**Task inputs**

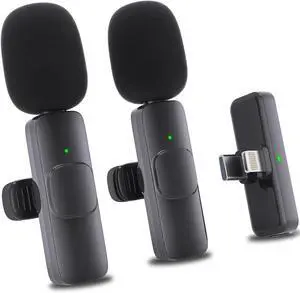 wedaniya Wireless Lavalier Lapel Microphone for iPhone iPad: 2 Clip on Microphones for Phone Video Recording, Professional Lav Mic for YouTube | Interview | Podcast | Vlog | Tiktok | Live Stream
...
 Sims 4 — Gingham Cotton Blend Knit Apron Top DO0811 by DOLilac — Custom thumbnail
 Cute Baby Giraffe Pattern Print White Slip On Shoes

**Directions**
I'd like the lines above from the one with "Sims 4 — Gingham" up to and including the one with "Cute Baby Giraffe" copied exactly, with no other lines.

**Answer below**
 Sims 4 — Gingham Cotton Blend Knit Apron Top DO0811 by DOLilac — Custom thumbnail
 Cute Baby Giraffe Pattern Print White Slip On Shoes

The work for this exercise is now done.